Salah satunya datang dari Ketua Paguyuban Pedagang Sapi dan Daging Segar Jawa Timur (PPSDS – Jatim) Muthowif, menyebut alasan utama penolakan para jagal bukan hanya soal jarak lokasi, tetapi juga terkait kondisi fisik bangunan di TOW yang dinilai bermasalah.
“Bangunan RPH dengan anggaran Rp13 miliar pada tahun 2024 memiliki dua catatan penting. Pertama, kondisi lantai bangunan yang sudah mengalami keretakan, dan kedua, tempat pemotongan sapi BX (Brahman Cross) belum diaudit oleh pihak pemilik sapi,” ujarnya, Minggu (28/9).
Muthowif menambahkan, retakan lantai berpotensi menimbulkan kerusakan lebih cepat karena darah hasil pemotongan sapi bisa meresap ke celah retakan dan mempercepat kerusakan konstruksi pada bangunan.
“Dampak dari lantai yang retak akan mengakibatkan semakin cepat rusak, karena lantai yang digunakan untuk merubuhkan dan menyembelih sapi, secara alami darah sapi akan mengalir dan masuk ke lantai yang retak,” imbuhnya.

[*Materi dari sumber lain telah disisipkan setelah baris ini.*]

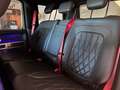 Mercedes-Benz G 63 AMG 4Matic 9G-Tronic Negro - thumbnail 11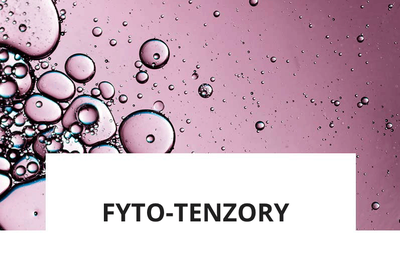ingredience-fyto-tenzory.png
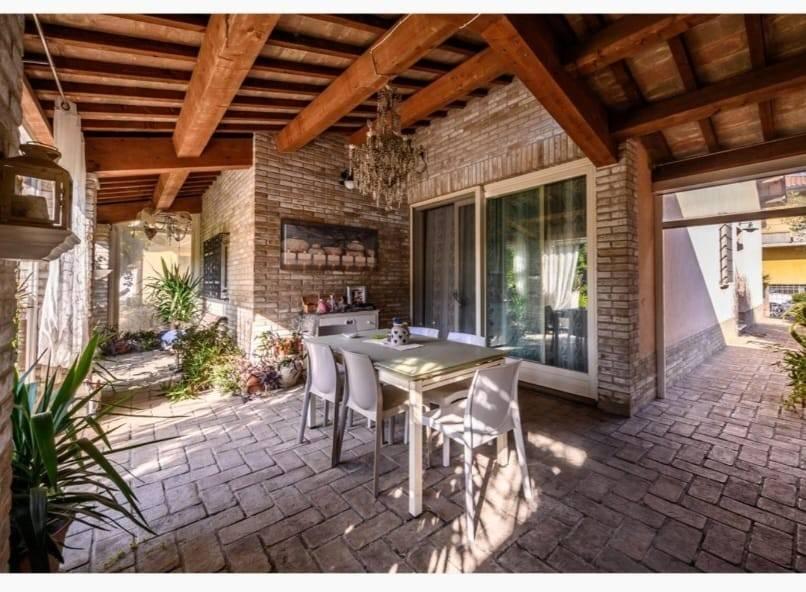 6-Zimmer Villa in Ravenna, Italy, Nr. 30855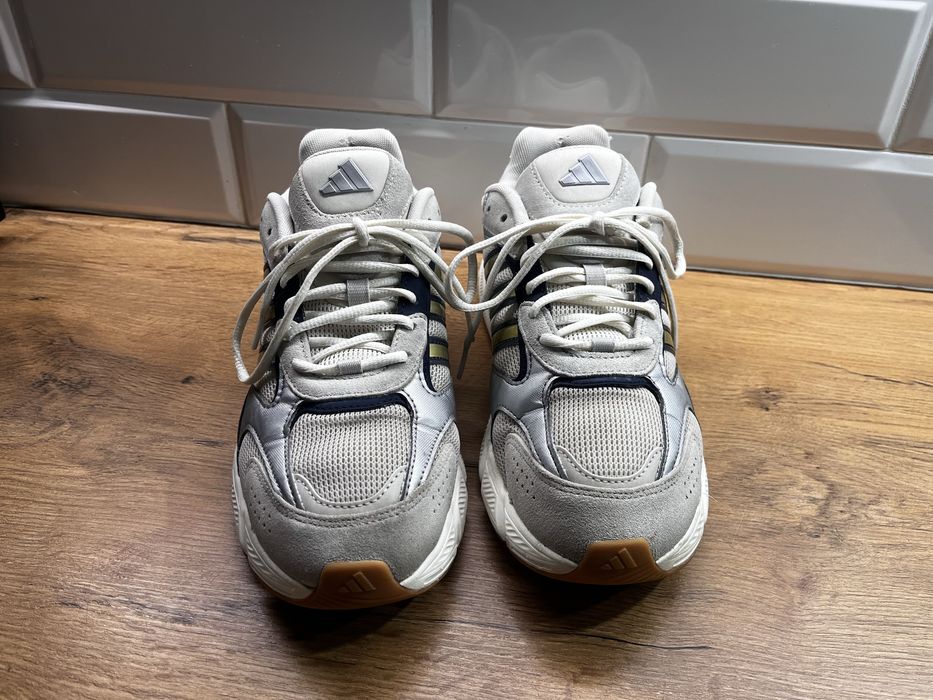 Adidas Originals 90s Runner / Retro Style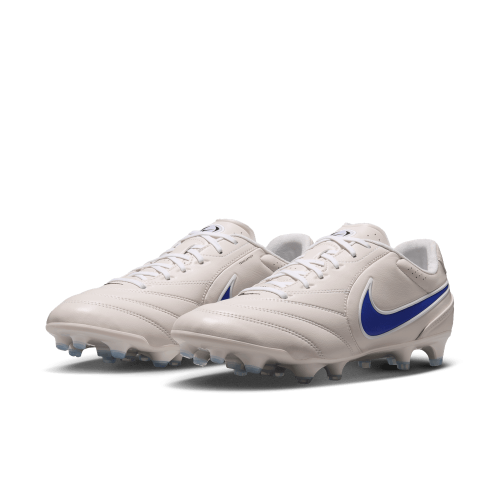 Kopačky Nike Tiempo Ligera Pro FG
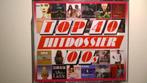 Top 40 Hitdossier 00s, Cd's en Dvd's, Ophalen of Verzenden, Zo goed als nieuw, Pop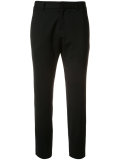 Tel Aviv trousers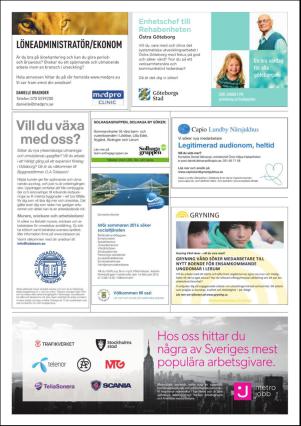 metro_go-20160211_000_00_00_014.pdf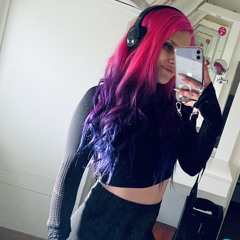 Josephine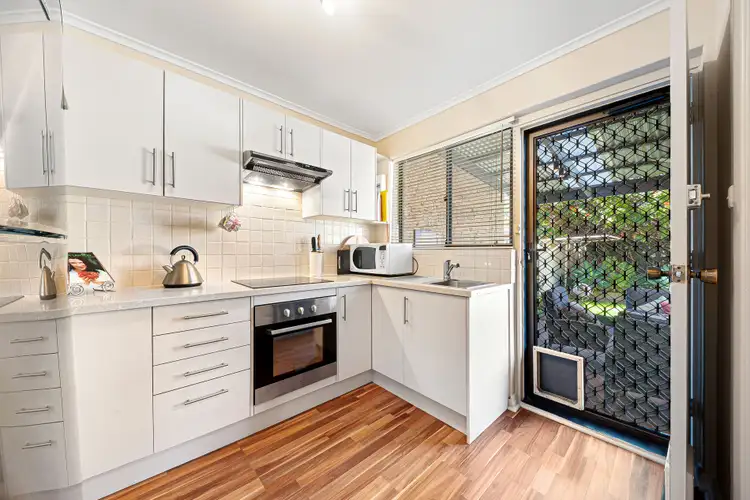 Sixth view of Homely house listing, 6/285 Tapleys Hill Road, Seaton SA 5023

Selain itu, Muthowif juga menyoroti soal fasilitas pemotongan sapi BX, di TOW hingga kini belum memperoleh sertifikat audit dari pihak Australia.

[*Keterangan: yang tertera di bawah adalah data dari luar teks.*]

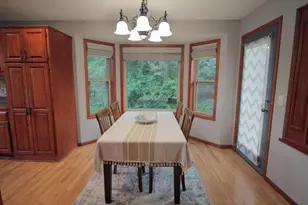 27230 Bayshore Dr, Isanti, MN 55040 - Photo 11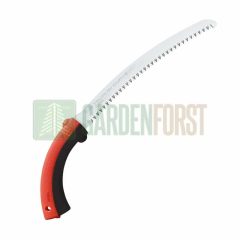 Silky Tsurugi 270 – Curved Pruning Saw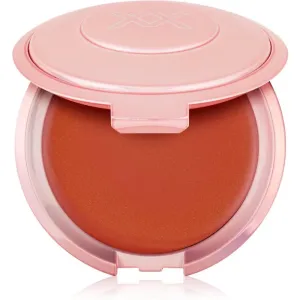 XX by Revolution XX STRIKE BALM BLUSH multi-purpose makeup for eyes, lips and face shade Charisma Bronze 7 g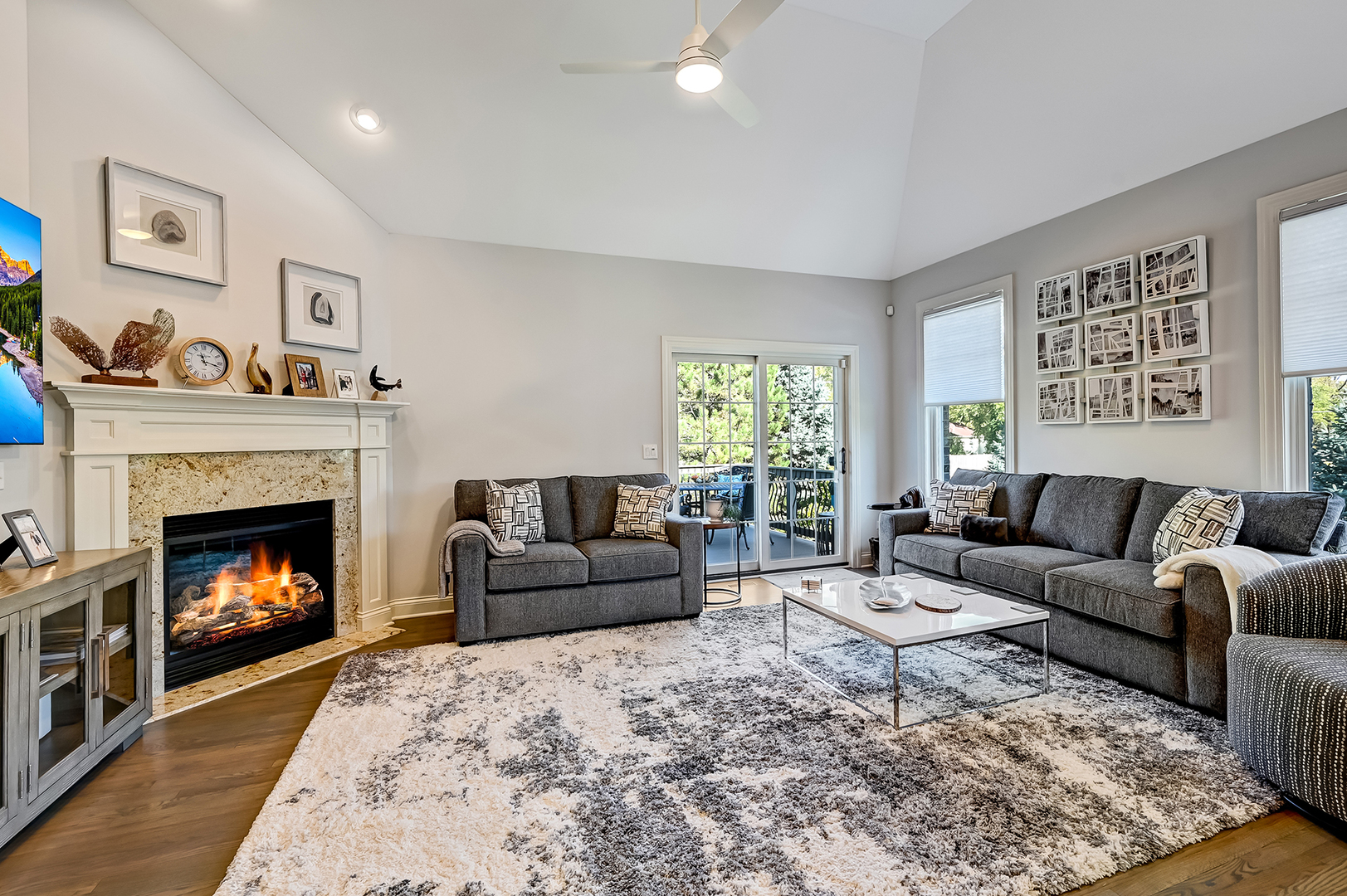 3 Westmoreland Lane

“Tempat pemotongan sapi BX (Sapi Brahman Cross), informasi yang saya terima masih belom dapat sertifikat audit dari pihak Australia sebagai pihak yang punya sapi BX. Kalau di RPH Pegirian sudah dapat sertifikat audit dari pihak Australia,”

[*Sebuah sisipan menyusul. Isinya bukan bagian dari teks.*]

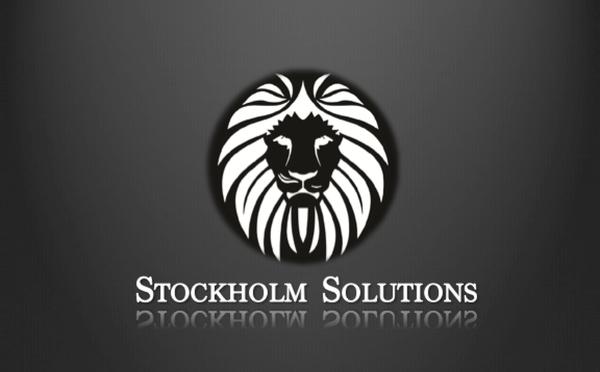 Stockholm Solutions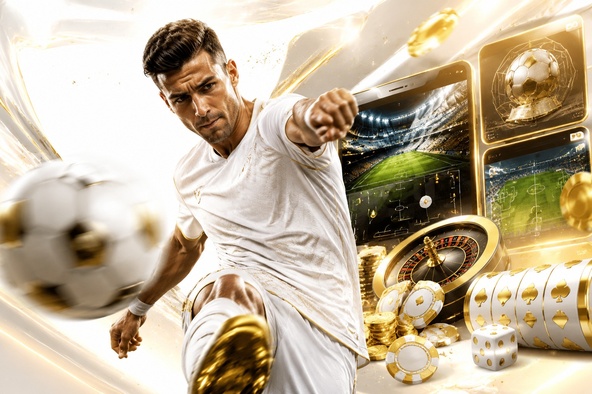 tj999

Untuk itu, pihaknya meminta pelaksana pembangunan maupun dinas terkait segera memperbaiki lantai yang retak dan melengkapi peralatan sesuai anggaran. Ia juga berharap aparat penegak hukum, baik kepolisian maupun kejaksaan, turun tangan melakukan pemeriksaan atau audit terhadap pembangunan RPH di TOW.